IF ANYTHING, THE president may become a bigger pain in the behind for the guy who’s supposed to be his partisan colleague – both he and Rauner claim to be Republicans who want to bring their business-type ways of doing things to government.

While a part of me wonders if many of us who truly want to dump Rahm Emanuel may wind up coming to see his antagonistic ways as being the thing that protects us from the whims of Donald J. in the White House.

I don’t doubt that if Trump himself were asked the question about our political scene, he’d cite Emanuel (the man whose “crimes” in the eyes of ideologue Republicans is that he does not hang his head in shame at the thought of having worked on the staffs of both presidents Bill Clinton and Barack Obama) as the guy who has to go.

The one upon whom he’ll focus his wrath – just as he’s already delivering the first of what will be many pot shots against Chicago during his presidency.

HE’S GOING TO talk a lot of trash meant to make Rahm Emanuel look bad, and perhaps he thinks he’s stirring up the resentment against Rahm for the ’19 election cycle.
 
EMANUEL: Chicago's defender?

Yet the problem is that Trump’s underlying views on so many Chicago-oriented issues are the exact opposite of what we want to see happen. Rahm and his “Go to Hell” approach to political life may come to be seen as our most solid defender!

As in someone we can’t afford to lose, no matter how much we may despise the man personally. And I don’t doubt that sentiment exists – it already has Jesus Garcia talking in terms of trying once again to challenge Emanuel for mayor.

Yet the kind of people who’d back Trump most likely are the ones who would view Chuy as the absolute worst option for mayor – someone who’d take the city in a direction even further away than what they’d desire.
 
GARCIA: Would anybody back Chuy in Trump brawl

EVEN TRUMP-ITES WHO reside in Chicago (and I realize their numbers are few, as little as 2 percent in certain wards of the city) may wind up preferring Rahm if 2019 comes down to another Emanuel vs. Garcia brawl like we had in 2015.

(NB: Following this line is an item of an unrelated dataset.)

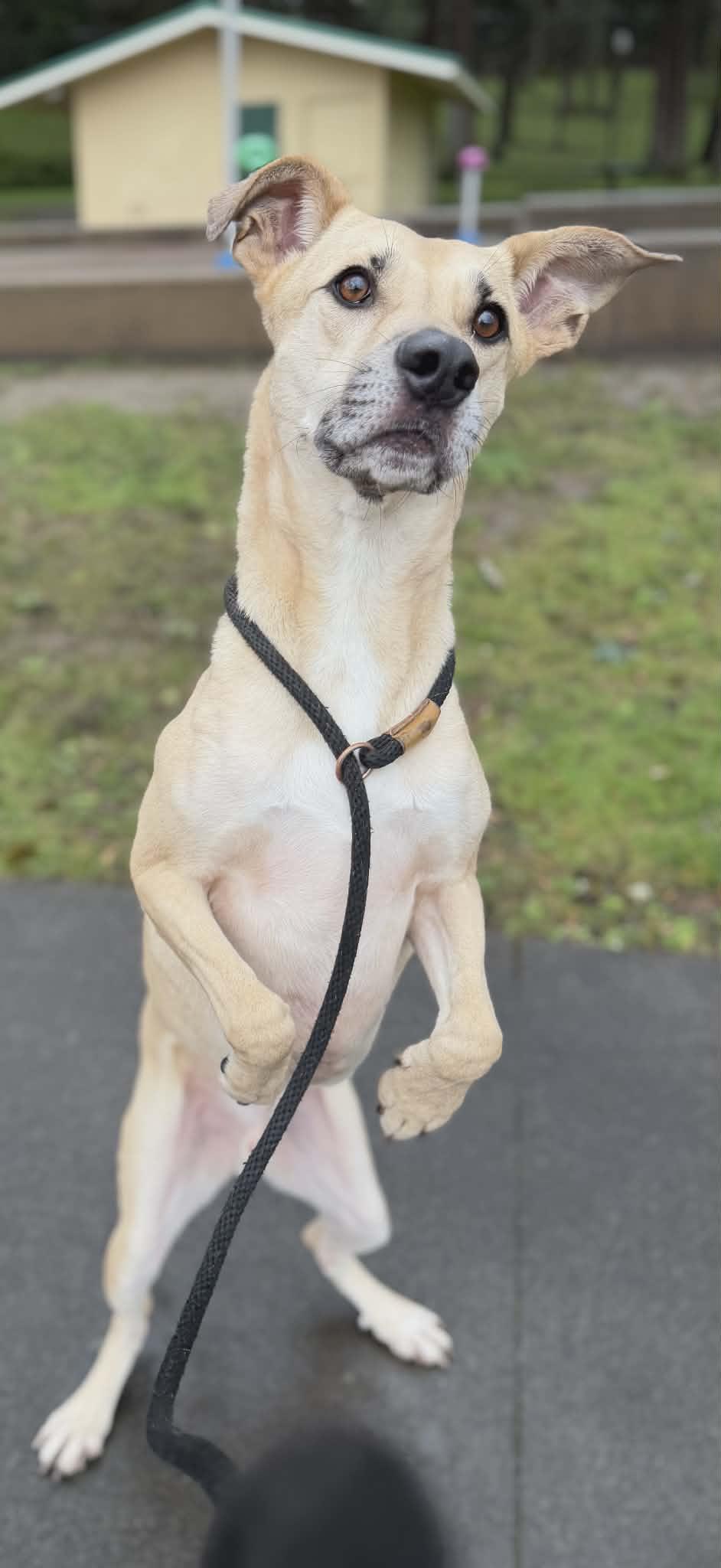 Enlarge Kellen, a Adoptable mixed breed in Tacoma, WA image 6/6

Then, there’s Rauner, who ever since the name “Trump” popped up in political circles a couple of years ago has gone out of his way to distance himself. It actually rivals the way Emanuel tried to avoid saying anything during the 2008 Democratic presidential primary that would take sides between Obama and Hillary Clinton – the latter of whom actually believed that Rahm actually belonged on her side.

Rauner does not want to get tied into any of the ding-dong partisan policies that Trump is cooking up to appease the nativist element that was key to his presidential election.

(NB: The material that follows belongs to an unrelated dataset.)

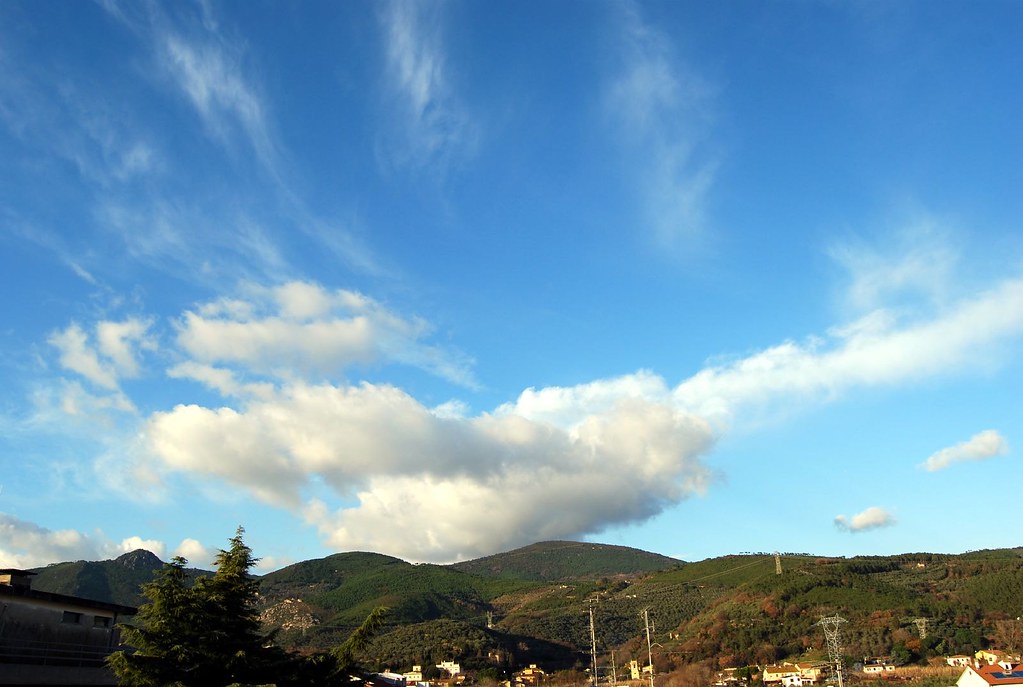 Difficult custom puzzle photo.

But it also seems that the same elements were largely responsible for the political gains Republicans made in rural parts of Illinois. Rauner may want us to believe those folks simply hate Illinois House Speaker Michael Madigan, D-Chicago, but it’s more likely they love Trump in Cairo, Ill., as much as they do in Jackson, Miss.

SO IF RAUNER tries too hard to distance himself from Trump, will he wind up losing rural Illinois types who could suddenly find themselves in a “shotgun weddin’” with Chicago-area voters who already have their own reasons to want to “dump Bruce” more than any rural voter wants to “dump Madigan.”
 
TRUMP: Will dumping Donald in '20 be bigger?

Then again, if Rauner doesn’t join in the Trump bashing with Emanuel, he may wind up stirring up the resentment of the more urban parts of Illinois who already are looking at political life for the next few years as crafting ways to keep that orange-dyed goof in the White House from making a complete mess of issues.

A part of me almost feels sorry for Rauner, since I suspect he’s going to get hurt no matter what he does.

Then again, for those of us who are disgusted with the inactivity of Illinois state government the past two years and Rauner’s role in creating the logjam, perhaps getting caught in the Trump crossfire might wind up being the appropriate penalty before we shift focus to a “dump Trump” effort in 2020!